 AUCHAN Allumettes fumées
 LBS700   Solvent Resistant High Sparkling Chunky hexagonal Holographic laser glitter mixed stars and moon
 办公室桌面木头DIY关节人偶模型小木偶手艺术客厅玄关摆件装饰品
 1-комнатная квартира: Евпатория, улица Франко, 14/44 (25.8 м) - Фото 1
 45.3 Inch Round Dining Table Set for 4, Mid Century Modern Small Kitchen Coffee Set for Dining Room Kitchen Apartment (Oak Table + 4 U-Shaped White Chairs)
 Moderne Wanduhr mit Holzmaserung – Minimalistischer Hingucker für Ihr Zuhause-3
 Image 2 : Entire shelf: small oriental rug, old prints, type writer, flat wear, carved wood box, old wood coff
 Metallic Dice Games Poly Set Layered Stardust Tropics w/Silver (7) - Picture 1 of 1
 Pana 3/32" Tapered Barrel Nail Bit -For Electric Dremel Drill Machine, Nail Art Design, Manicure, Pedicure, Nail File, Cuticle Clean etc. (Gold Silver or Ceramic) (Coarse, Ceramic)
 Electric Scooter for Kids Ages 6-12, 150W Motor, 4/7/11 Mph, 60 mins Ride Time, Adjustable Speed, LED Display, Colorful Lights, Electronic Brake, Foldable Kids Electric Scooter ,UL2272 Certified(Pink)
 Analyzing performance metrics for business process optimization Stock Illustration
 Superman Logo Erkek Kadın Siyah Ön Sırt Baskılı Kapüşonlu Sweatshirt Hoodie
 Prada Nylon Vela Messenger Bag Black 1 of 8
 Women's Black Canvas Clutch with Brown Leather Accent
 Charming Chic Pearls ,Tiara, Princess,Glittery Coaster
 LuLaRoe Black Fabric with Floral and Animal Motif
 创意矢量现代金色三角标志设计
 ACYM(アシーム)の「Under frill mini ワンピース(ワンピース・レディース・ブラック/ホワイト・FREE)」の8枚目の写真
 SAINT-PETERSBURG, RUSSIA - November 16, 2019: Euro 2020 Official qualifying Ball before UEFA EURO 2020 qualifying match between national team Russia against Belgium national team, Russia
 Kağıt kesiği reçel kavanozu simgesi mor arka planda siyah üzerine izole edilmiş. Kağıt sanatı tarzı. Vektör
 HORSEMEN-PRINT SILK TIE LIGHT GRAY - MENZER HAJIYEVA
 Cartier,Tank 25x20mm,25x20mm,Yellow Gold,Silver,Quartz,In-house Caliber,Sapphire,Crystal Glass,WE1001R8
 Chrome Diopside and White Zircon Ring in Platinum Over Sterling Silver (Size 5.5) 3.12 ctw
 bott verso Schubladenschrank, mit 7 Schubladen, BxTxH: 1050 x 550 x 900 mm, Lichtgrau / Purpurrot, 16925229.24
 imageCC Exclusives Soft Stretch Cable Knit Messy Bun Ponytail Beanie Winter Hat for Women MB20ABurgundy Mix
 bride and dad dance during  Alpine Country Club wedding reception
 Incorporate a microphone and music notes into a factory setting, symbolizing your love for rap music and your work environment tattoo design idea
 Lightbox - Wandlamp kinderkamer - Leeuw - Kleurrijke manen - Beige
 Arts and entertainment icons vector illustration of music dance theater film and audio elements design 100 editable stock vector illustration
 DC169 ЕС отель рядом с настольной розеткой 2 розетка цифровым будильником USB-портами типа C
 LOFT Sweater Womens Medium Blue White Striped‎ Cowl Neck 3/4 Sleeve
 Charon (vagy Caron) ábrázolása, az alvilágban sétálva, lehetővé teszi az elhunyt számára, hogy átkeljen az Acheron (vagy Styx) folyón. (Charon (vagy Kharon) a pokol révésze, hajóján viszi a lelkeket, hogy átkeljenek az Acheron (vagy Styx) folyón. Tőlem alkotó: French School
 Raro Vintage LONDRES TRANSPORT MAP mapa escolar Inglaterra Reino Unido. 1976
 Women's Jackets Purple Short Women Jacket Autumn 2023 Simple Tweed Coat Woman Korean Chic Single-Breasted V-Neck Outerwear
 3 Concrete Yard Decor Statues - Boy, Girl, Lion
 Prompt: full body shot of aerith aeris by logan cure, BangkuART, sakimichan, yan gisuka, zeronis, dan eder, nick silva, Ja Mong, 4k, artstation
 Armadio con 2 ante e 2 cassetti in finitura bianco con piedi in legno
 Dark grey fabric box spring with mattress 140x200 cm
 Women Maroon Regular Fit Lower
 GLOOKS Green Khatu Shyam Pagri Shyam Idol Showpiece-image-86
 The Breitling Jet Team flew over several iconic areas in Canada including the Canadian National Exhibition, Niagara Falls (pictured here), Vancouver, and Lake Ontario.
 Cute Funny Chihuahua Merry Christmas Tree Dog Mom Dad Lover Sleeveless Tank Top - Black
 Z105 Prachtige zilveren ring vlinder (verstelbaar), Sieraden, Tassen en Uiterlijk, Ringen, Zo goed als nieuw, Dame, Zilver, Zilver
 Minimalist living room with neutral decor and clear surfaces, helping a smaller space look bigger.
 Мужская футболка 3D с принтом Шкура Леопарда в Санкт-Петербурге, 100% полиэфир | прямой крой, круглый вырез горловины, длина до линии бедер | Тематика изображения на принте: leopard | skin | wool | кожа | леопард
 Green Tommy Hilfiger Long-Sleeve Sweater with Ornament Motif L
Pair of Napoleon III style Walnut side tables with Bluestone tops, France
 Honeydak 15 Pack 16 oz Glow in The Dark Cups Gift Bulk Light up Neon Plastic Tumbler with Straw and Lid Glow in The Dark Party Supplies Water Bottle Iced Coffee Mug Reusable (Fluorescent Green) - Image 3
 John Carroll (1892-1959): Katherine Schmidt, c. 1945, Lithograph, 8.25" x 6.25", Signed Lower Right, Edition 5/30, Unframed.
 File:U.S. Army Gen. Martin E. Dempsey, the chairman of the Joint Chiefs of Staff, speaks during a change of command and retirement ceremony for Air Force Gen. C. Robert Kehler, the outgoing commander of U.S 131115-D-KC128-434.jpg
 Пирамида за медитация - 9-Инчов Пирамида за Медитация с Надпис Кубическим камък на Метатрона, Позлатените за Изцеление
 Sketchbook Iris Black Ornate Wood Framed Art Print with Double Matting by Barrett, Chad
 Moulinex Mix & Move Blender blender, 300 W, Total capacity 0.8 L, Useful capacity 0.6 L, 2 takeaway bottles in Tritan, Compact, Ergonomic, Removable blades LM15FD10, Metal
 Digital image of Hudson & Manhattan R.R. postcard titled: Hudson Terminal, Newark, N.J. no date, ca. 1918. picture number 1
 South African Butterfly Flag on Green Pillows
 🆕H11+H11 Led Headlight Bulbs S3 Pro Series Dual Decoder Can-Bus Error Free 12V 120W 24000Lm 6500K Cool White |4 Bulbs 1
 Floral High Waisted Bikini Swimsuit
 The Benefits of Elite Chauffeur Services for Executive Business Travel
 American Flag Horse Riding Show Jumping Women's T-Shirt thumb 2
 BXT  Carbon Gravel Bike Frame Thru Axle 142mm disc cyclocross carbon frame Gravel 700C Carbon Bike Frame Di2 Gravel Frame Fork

Task prompt →
For the entries above, state how many lines contain the word "Sweater". Provide the number by itself.

Result of this task →
2